Chapter 2: Data Ingestion Patterns

Feeding the machine learning beast - efficiently and at scale

Introduction
What is Data Ingestion?
The Fashion-MNIST Dataset
Batching Pattern
- 4.1. The Problem: Memory Constraints with Large Datasets
- 4.2. The Solution: Divide and Consume
- 4.3. Discussion: Trade-offs and Considerations
- 4.4. Exercises
Sharding Pattern
- 5.1. The Problem: Sequential Processing Bottleneck
- 5.2. The Solution: Horizontal Data Distribution
- 5.3. Discussion: Balancing and Automation
- 5.4. Exercises
Caching Pattern
- 6.1. The Problem: Redundant Multi-Epoch Processing
- 6.2. The Solution: Smart Data Reuse
- 6.3. Discussion: Memory vs Disk Trade-offs
- 6.4. Exercises
Answers to Exercises
- 7.1. Section 4.4
- 7.2. Section 5.4
- 7.3. Section 6.4
Summary

1. Introduction

Restaurant Analogy: Imagine you're running a busy restaurant kitchen. Raw ingredients (data) come in from suppliers, and you need to prep, organize, and serve them to hungry customers (your ML model). But what happens when:

You get a massive food truck delivery that won't fit in your prep area?
Orders are coming in faster than you can prep ingredients sequentially?
You're making the same popular dish over and over?

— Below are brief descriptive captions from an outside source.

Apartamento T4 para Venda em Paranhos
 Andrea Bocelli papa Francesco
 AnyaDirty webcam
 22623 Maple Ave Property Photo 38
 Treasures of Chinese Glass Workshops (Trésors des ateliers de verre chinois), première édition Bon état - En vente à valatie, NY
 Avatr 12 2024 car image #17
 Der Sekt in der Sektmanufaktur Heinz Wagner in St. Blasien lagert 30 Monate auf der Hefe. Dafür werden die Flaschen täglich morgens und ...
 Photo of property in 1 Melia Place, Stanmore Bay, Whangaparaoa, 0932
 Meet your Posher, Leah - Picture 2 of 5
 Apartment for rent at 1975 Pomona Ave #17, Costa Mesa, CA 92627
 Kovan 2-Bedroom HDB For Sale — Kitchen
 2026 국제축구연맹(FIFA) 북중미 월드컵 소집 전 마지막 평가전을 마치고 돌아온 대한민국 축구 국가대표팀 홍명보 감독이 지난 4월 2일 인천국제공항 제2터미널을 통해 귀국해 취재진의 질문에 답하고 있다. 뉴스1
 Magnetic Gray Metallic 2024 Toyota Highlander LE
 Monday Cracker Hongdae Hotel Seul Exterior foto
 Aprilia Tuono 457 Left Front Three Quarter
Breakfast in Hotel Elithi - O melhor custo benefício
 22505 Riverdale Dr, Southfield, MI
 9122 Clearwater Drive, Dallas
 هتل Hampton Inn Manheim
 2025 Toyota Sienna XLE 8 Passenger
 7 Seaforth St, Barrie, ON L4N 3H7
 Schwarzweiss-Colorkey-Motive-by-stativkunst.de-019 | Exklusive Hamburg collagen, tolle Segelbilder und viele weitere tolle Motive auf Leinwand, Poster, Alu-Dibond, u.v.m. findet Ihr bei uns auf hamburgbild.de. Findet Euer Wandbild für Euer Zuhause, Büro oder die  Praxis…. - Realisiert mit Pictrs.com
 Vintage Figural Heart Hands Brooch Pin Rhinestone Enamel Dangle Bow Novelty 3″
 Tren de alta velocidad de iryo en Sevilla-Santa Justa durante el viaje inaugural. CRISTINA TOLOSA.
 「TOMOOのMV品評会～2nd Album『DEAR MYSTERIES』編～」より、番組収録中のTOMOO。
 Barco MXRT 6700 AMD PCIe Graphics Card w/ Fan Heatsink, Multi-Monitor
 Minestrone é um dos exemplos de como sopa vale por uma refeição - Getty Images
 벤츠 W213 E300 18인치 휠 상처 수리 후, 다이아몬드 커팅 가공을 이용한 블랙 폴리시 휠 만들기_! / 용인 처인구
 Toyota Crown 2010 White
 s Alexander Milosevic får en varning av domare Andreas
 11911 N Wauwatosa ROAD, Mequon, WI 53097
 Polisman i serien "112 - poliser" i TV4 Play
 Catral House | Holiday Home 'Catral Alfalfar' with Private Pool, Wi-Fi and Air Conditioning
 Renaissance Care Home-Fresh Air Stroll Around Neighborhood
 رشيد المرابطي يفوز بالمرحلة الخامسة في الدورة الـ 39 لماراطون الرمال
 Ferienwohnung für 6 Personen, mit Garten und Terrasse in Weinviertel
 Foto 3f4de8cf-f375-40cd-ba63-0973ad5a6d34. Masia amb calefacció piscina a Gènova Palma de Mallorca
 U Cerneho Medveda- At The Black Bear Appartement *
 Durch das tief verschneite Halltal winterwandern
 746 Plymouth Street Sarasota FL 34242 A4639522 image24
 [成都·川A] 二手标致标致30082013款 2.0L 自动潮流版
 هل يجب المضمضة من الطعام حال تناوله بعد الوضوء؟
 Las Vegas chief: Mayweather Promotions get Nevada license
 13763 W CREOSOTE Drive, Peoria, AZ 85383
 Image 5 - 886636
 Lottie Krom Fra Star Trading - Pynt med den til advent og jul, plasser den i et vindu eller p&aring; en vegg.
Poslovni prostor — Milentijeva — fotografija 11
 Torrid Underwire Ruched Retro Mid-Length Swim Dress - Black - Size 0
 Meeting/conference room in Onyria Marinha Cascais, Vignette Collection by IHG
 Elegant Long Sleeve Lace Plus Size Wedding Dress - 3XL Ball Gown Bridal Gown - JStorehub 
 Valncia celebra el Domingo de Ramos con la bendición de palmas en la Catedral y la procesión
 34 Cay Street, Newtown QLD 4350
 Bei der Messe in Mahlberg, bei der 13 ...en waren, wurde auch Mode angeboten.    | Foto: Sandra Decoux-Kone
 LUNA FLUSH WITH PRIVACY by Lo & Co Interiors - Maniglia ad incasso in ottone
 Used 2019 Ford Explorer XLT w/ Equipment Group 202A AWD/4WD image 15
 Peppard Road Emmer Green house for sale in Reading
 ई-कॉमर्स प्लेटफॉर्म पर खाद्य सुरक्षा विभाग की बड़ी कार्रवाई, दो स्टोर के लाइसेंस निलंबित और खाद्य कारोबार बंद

That's exactly the challenge of data ingestion in machine learning systems.

Data ingestion is the critical first step that determines whether your ML pipeline will feast or famine. Get it wrong, and your expensive GPUs sit idle waiting for data. Get it right, and you unlock the full potential of distributed machine learning.

This chapter explores three fundamental patterns that solve the most common data ingestion challenges: batching, sharding, and caching. These aren't just theoretical concepts - they're battle-tested solutions used by every major ML platform.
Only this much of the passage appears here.